The data:
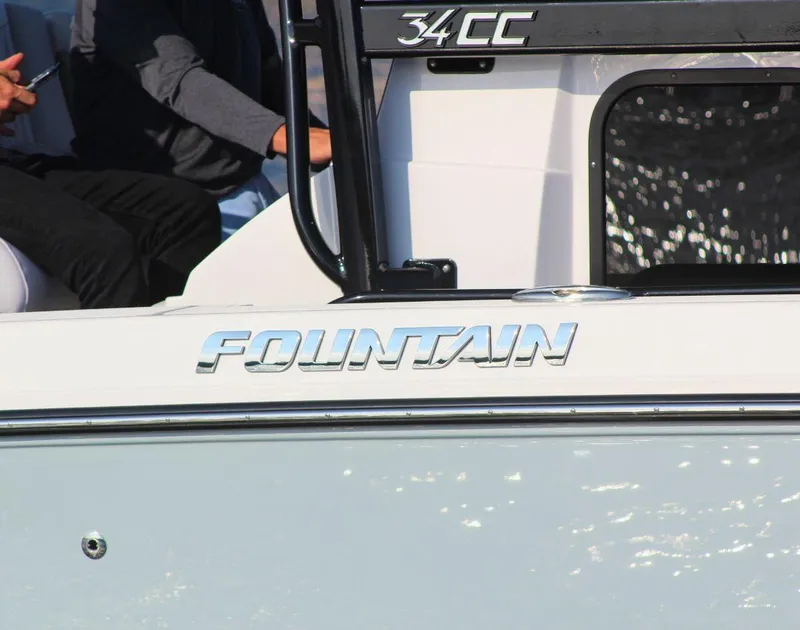 Slide: The Image of 2025 Fountain 34 CC boat side view with logo and model name. - 5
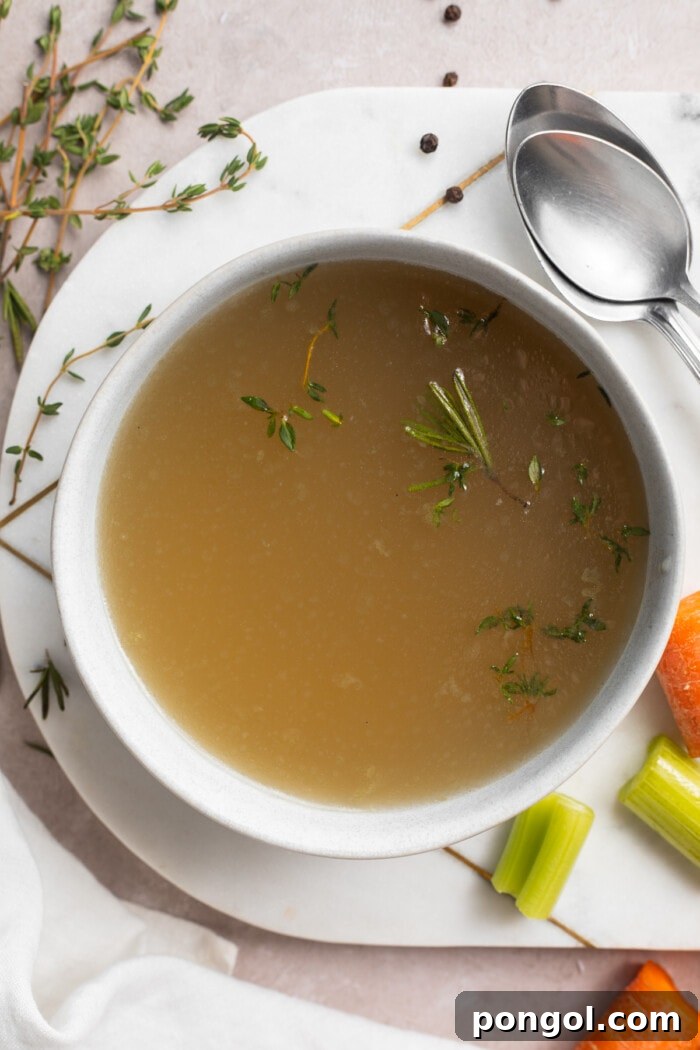 An overhead shot of a rustic bowl of stovetop bone broth, garnished with vibrant fresh herbs, artfully arranged on an oval platter to highlight its homemade goodness and appealing presentation.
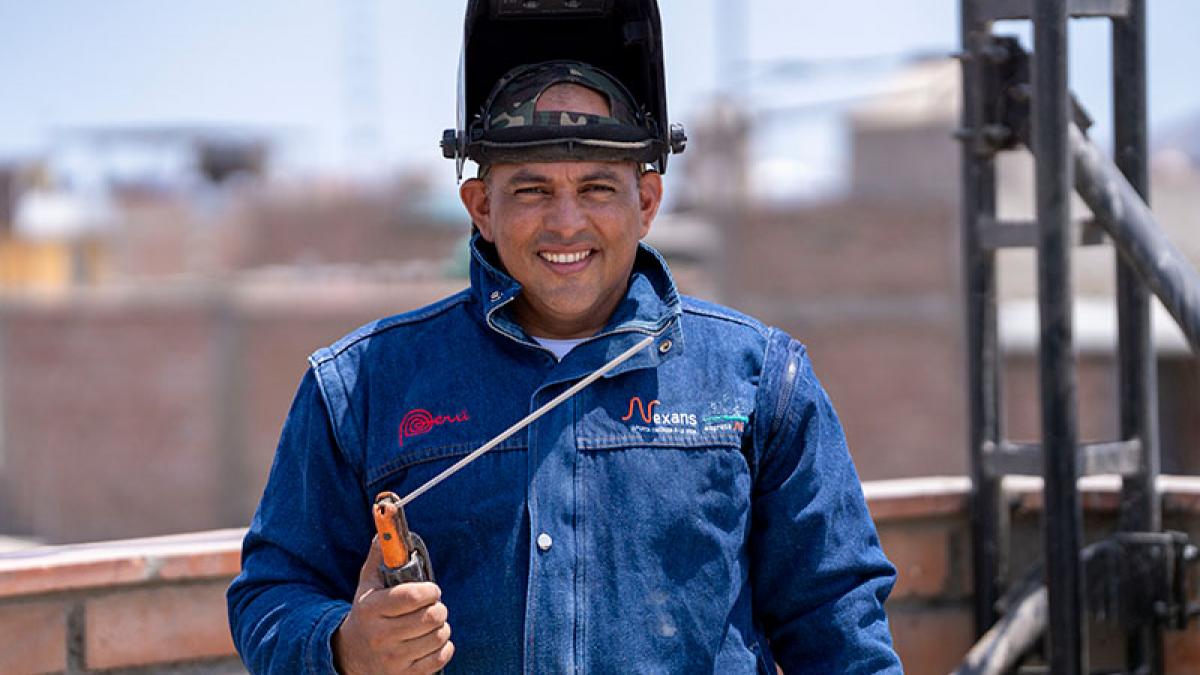 A worker man smiling and holding a welding tool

What to work on: Give back the material above exactly, with each picture removed.

Solution to the problem:
 Slide: The Image of 2025 Fountain 34 CC boat side view with logo and model name. - 5
 An overhead shot of a rustic bowl of stovetop bone broth, garnished with vibrant fresh herbs, artfully arranged on an oval platter to highlight its homemade goodness and appealing presentation.
 A worker man smiling and holding a welding tool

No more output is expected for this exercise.